State Laws Curb Kids' Injuries Tied to Off-Road Vehicles

From - September 11, 2017

State Laws Curb Kids' Injuries Tied to Off-Road Vehicles

MONDAY, Sept. 11, 2017 -- A strict new law on the use of off-road vehicles by children in Massachusetts is likely behind a drop in related ER visits by kids, a new study says.

One type of off-road vehicle, the all-terrain vehicle (ATV), has been involved in more than 3,000 child deaths in the United States over the past three decades, with 12- to 15-year-olds accounting for more than half of those deaths, researchers noted.

ATVs "have a high center of gravity and they are not meant for small children to maneuver them," explained Dr. Michael Flaherty, one of the study's authors.

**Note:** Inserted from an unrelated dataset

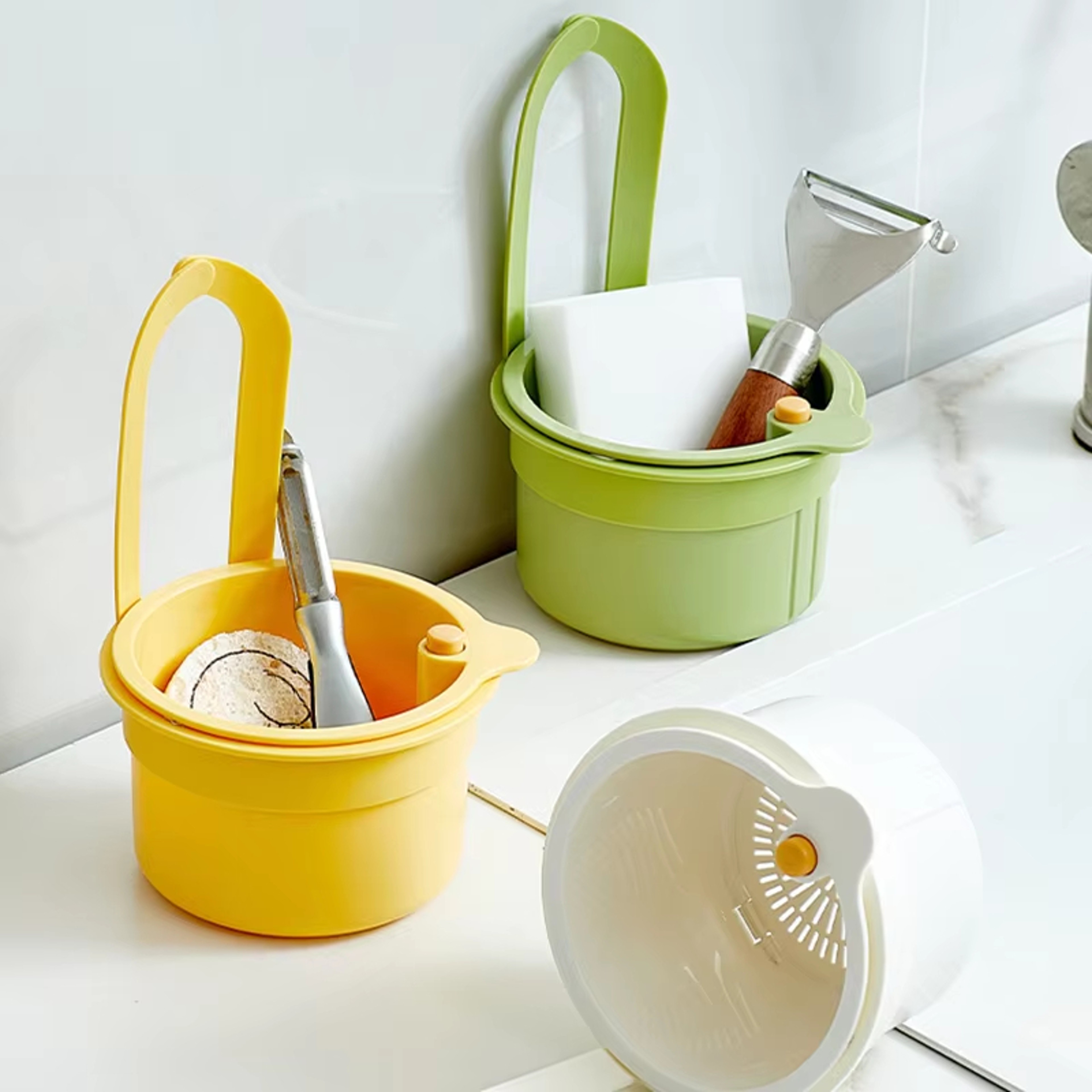 Adjustable Kitchen Sink Strainer Basket with Hanging Drain Rack & Food Waste Filter – view 4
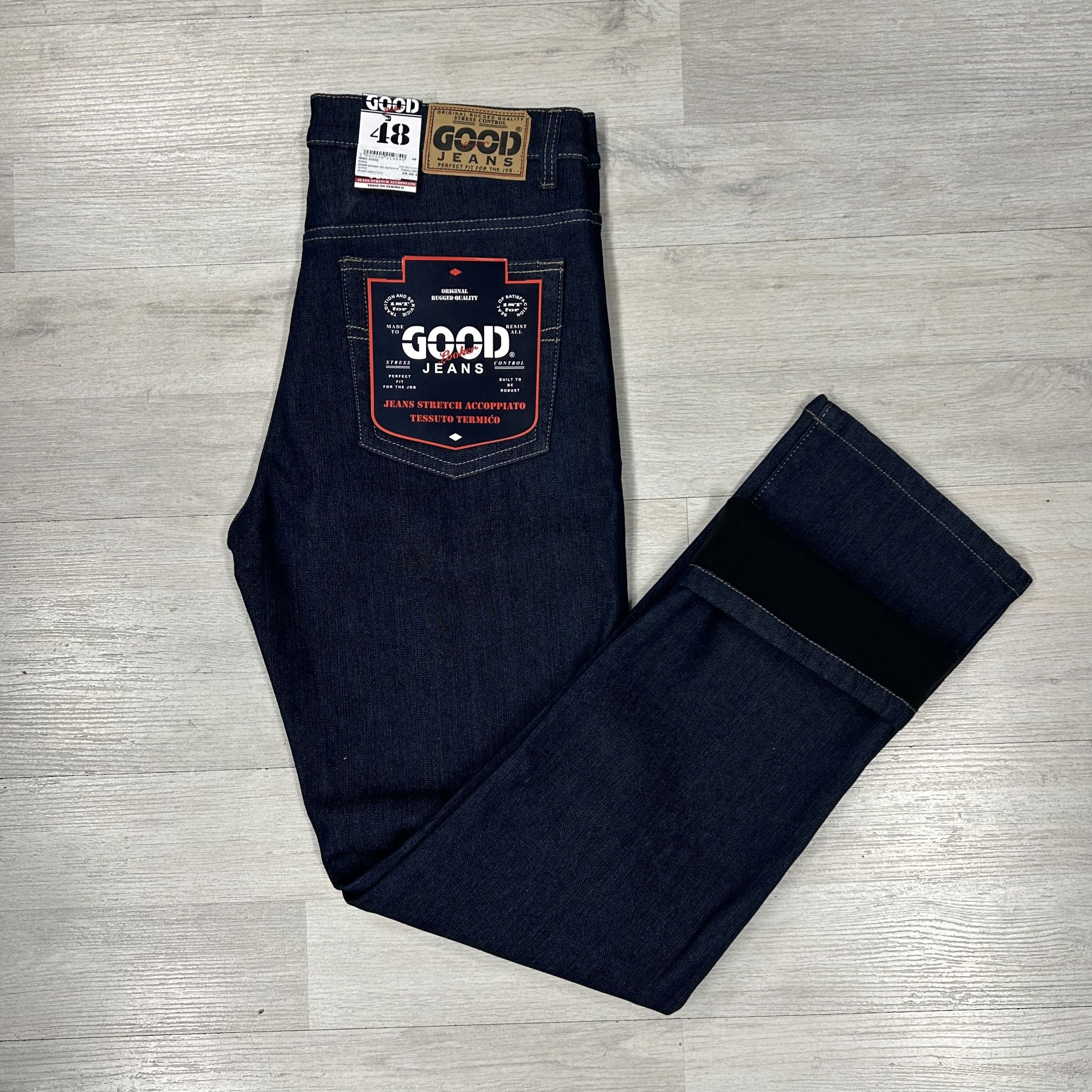 Jeans invernale da uomo Good con interno in pile e vita alta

"Children have a tendency to lose control when they are driving them, and they can also tip over, causing crush injuries and death in children," he said. Flaherty is a pediatric critical care physician at Massachusetts General Hospital in Boston.

In 2010, Massachusetts enacted "Sean's Law" to honor the death of 8-year-old Sean Kearney killed on such a vehicle four years earlier.

The law banned children ages 13 and younger from riding on an off-road vehicle on public or private property, except in rare cases with direct supervision by an adult.

Older children, ages 14 to 17 years old, were also required to take education and training classes and be supervised by an adult when riding an off-road vehicle.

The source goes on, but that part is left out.